I became a mother on March 5, 2010 – 9 weeks earlier than planned. I had an emergency cesarean section for a baby girl who weighed 2 pounds but didn’t cry at birth. Who, according to the NICU doctors standing sullenly around my bed, might not make it through the night.
Hoda Kotb just finds it amusing about the scariest part about being an older mom
She made it through the night, and when she was settled the next morning, a lactation consultant encouraged me to go to a meeting for new mothers. I went. I go because I’m a new mom and I think that’s what new moms do.
Being in that room was like scraping gravel on an intact wound.

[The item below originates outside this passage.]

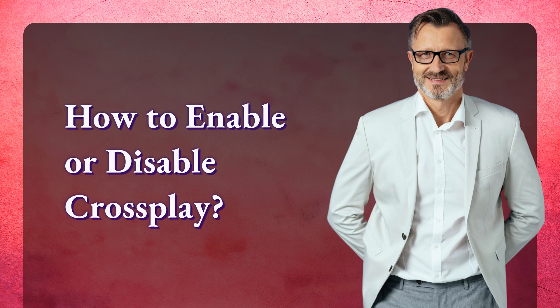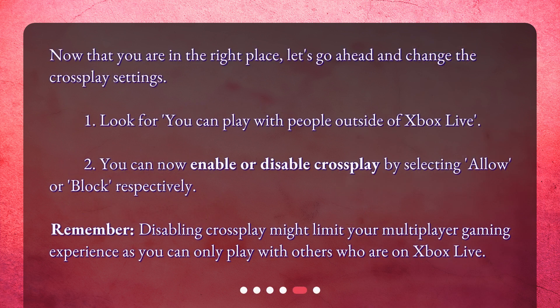How to enable or disable crossplay? Now that you are in the right place, let's go ahead and change the crossplay settings. 1. Look for 'You can play with people outside of Xbox Live.' 2. You can now enable or disable crossplay by selecting Allow or Block respectively. Remember, disabling crossplay might limit your multiplayer gaming experience as you can only play with others who are on Xbox Live.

The other three new moms in the room had their baby next to them. Their babies were breathing on their own. Mine is in the NICU, connected to the machines that act as lifesavers. Immediately, I knew I had made a mistake. I’m not just a new mom. I was something else, and in trying to pretend I wasn’t, I broke my own heart.
Going to that meeting didn’t teach me how to breastfeed – looking back, I shouldn’t have gone. But going introduced me to the idea that “mom” was just the beginning. Beneath the mother’s umbrella, there are countless groups of children, and acknowledging their differences can be an act of kindness – or at least confirmation.
The next label I wear is more common than the preemie mom, but it’s also easier to write down. For a while, I even felt guilty about firing the stay-at-home mom.
The end of my maternity leave coincides with the end of my daughter’s NICU vacation. When the company called me back, I didn’t go as planned. How can I go home when she finally comes home? (I realize how lucky I am to have had the opportunity to stay home and am forever grateful.) The moment I traded my t-shirts for leggings, I found myself justifying my choice to leave my legitimate job. and ask questions about what I’ve been doing all day. in a way I’ve never had to when I walk into the office every day – as if my whole day is suddenly all about TV and stuff. As if I had to prove something. It’s as if I’ve taken off something now that I can’t bill for now.
Who do I justify myself the most? My self.
Somewhere along the way, I learned that work is only valuable if it is paid for, that success is only counted if it is verified from the outside. Somehow, I get the message that staying home is not enough. But taking care of my daughter’s hard work breastfeeding, napping, sleeping through the night, meeting timelines, I don’t feel like nothing. It feels like I’m giving more than I’ve ever had to before, and being able to give, for what she needs, feels like success. As a stay-at-home mom, I learned a new definition of success. More importantly, I learned that there is no hierarchy to motherhood, no title that indicates more respect than another.
Just a few years after I became a stay-at-home mom, as the wave of infant and toddler burnout began to clear, my husband was diagnosed with brain cancer. A year and a half later, he passed away, and I quietly and sadly opened a mother’s club that very few (thankfully) had ever seen: the widowed, single moms club. The price of joining this club is very expensive, the stakes are high, it is heartbreaking.
In the role of a single mother, I was called to fill a void that had been built for two. As a single parent, my relationship with the word “strength” has changed. I learned strength has nothing to do with being or feeling strong. When lifting heavy objects or even standing tall under pressure. I’ve learned that power is something much quieter. It’s sitting in a dark room trying to patch a child’s heart together while yours lies in pieces. It’s about creating space in your own grief storm to absorb some of your child’s. It was sitting alone at parent-teacher and graduation meetings and dinner tables and was brave enough to take up all the space.
As a widowed, single mother, I also learned the power of wearing a label and finding others who wear the same label. That lesson is priceless. In the community of single mothers, I find that normalized thoughts and feelings seem completely out of the ordinary. They can’t rebuild what’s broken, but I find that sometimes all we need is to know that we’re not rebuilding alone.
I never intended to wear preemie mom or stay-at-home mom or single mom labels. I think I’ll just be “Mom.” While I can’t say I’m grateful for wearing any of these brands – especially the widowed, single mom brand – I’m grateful to have learned this: there’s power when Wear this label, when you give yourself grace to become the version of “Mother” you are today.
But it can also be said that the label is not important. What’s more important is to remember that you are not defined by a headline that can burn the brightest at the moment. Because motherhood is more than a title, a role, a label. It’s been a journey, almost always with difficult parts, almost always tied with incredible parts.
What I learned is that motherhood is visceral, and that the only constant is light and love that accompanies the hearts of all.